Abstract
Neurotrophic keratitis represents a complex degeneration of the cornea that can result in debilitating symptoms and serious sight-threatening complications. Patients with neurotrophic keratitis (NK) usually present with a history of corneal injury or past surgical intervention involving damage to the corneal nerves; as well as, chronic ocular surface disease. This nerve damage results in sensory loss and poor healing to the corneal tissues. This poor ability to heal results in the downward spiral of events that NK patients are subject to, which can include corneal surface breakdown, ulceration, melting, and total perforation. Treatments to attempt to support the cornea to heal and then protect it have recently advanced beyond traditional treatments and may include amniotic membrane application, autologous serum eye drops, biologic eye drops, and various other supportive treatments. Even aggressive combinations of these, and many other treatments, can leave NK patients still uncontrolled and progressing to end-stage disease that would require invasive intervention resulting in an even worse prognosis. This case report describes a patient who demonstrated all three stages of NK. Multiple interventions were initiated, including tarsorrhaphy, autologous serum eye drops, Prokera amniotic membrane, antibiotics, bandage contact lenses (BCL) therapy, and PKP. However, the patient experienced variable and transient improvement with relapse within a few weeks with recurrent and persistent epithelial erosion and stromal ulceration. A novel eye drop, cenegermin (OXERVATETM), an ophthalmic solution containing 20 μg/mL of a recombinant form of human nerve growth factor (NGF), was added to her treatment regimen allowing for successful management of NK and restoration of corneal integrity.

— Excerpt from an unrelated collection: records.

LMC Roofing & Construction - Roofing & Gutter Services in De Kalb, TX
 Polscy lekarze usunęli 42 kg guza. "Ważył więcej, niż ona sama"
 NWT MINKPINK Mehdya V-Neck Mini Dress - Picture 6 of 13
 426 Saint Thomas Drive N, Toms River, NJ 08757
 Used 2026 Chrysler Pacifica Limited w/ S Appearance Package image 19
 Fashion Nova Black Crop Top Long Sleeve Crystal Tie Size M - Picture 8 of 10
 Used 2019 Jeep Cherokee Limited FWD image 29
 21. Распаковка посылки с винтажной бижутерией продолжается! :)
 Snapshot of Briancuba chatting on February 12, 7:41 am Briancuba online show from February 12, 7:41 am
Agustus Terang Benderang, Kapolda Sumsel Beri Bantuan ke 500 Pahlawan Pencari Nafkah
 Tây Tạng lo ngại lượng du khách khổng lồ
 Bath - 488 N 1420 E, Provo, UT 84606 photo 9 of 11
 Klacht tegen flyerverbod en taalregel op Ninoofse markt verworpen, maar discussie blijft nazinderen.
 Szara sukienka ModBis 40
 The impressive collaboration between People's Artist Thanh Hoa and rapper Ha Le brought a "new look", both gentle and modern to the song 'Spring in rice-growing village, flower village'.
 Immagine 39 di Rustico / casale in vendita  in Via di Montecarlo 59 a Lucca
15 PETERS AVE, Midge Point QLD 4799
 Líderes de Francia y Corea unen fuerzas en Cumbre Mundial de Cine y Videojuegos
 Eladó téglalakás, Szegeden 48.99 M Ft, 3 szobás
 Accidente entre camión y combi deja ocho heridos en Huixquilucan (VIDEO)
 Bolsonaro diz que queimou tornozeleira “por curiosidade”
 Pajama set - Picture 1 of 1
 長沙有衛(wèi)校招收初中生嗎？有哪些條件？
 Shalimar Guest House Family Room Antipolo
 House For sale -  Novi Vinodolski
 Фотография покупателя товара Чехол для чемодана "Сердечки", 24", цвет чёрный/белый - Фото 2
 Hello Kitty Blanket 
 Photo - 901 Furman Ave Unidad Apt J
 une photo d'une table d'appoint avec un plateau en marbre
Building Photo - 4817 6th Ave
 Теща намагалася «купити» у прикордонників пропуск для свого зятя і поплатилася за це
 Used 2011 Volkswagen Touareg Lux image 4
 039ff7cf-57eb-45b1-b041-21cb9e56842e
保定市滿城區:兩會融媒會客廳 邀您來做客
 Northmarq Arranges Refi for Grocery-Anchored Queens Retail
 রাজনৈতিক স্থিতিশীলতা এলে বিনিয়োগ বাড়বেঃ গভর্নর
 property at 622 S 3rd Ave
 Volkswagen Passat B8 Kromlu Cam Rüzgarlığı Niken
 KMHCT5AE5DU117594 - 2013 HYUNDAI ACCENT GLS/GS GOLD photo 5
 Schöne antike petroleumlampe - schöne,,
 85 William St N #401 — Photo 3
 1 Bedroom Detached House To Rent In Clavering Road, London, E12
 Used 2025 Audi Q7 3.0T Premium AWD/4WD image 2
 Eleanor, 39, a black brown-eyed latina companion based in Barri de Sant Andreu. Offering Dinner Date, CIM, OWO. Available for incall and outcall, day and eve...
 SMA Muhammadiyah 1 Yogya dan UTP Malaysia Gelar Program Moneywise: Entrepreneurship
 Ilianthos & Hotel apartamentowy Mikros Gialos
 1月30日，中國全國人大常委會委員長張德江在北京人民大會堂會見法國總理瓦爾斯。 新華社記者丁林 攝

Keywords: cenegermin, oxervate, cornea, corneal ulcer, prokera, tarsorrhaphy, amniotic membrane transplantation, epithelial defect, neurotrophic keratitis, neurotrophic keratopathy
Introduction
Neurotrophic keratitis (NK) is a rare corneal condition caused by damage of trigeminal innervation, leading to an impairment in sensory and trophic function with a subsequent breakdown of the corneal epithelium [1,2]. The pathological changes of NK are seen because impairment of corneal sensitivity interrupts trophic relations, which are essential for corneal physiologic renewal and wound healing [2]. It has been stated that in the setting of reduced or altered corneal trophic function and sensitivity, an epithelial defect that does not heal or heals and repeatedly breaks down, is clinically indicative of NK [1]. Several conditions that impair the trigeminal nerve can cause NK, such as herpetic keratitis, multiple sclerosis, diabetes, contact lens misuse, ocular chemical burns, corneal surgery, and cranial neurosurgery [1,2]. NK is classified into three overlapping stages based on the depth of corneal involvement or severity [3]. Stage 1 is characterized by corneal epithelial alterations, stage 2 is characterized by corneal erosion, and stage 3 is characterized by corneal ulceration [3]. Management of NK is stage-dependent and can be categorized as medical management, non-surgical intervention, and surgical management [3].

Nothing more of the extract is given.